§ **Task description**
Of the material below, only the lines from the line containing "Cancun Night Combo: Taco" down to the line containing "Штатна магнітола Torssen" belong in the answer, written out exactly.
Segment Start: Data supplied
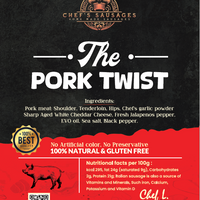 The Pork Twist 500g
Segment End: Data supplied
Segment Start: Data supplied
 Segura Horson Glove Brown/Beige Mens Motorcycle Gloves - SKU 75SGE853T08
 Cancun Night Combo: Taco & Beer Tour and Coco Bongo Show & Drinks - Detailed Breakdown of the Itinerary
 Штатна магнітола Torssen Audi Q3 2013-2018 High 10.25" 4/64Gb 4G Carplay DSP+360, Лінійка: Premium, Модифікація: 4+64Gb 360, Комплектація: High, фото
Segment End: Data supplied
Segment Start: Data supplied
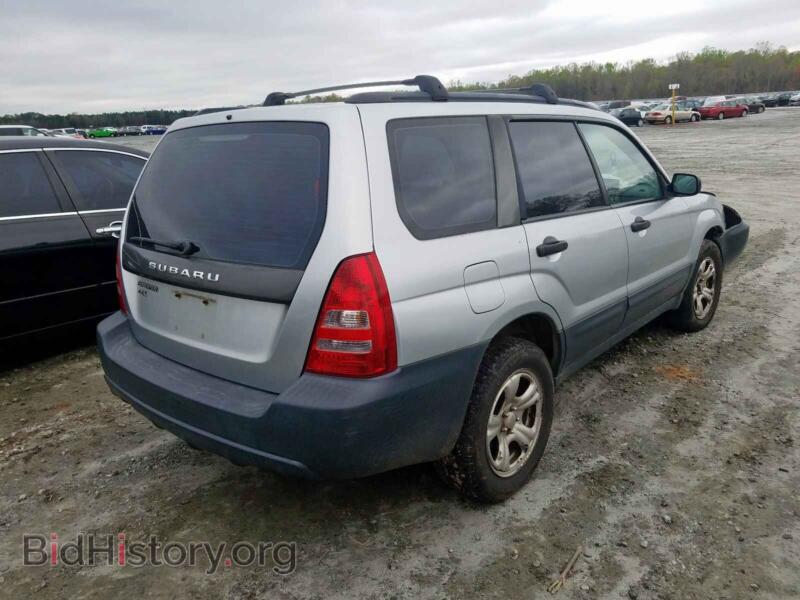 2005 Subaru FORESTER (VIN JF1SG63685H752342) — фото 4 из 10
Segment End: Data supplied
§ **Response to the task**
 Cancun Night Combo: Taco & Beer Tour and Coco Bongo Show & Drinks - Detailed Breakdown of the Itinerary
 Штатна магнітола Torssen Audi Q3 2013-2018 High 10.25" 4/64Gb 4G Carplay DSP+360, Лінійка: Premium, Модифікація: 4+64Gb 360, Комплектація: High, фото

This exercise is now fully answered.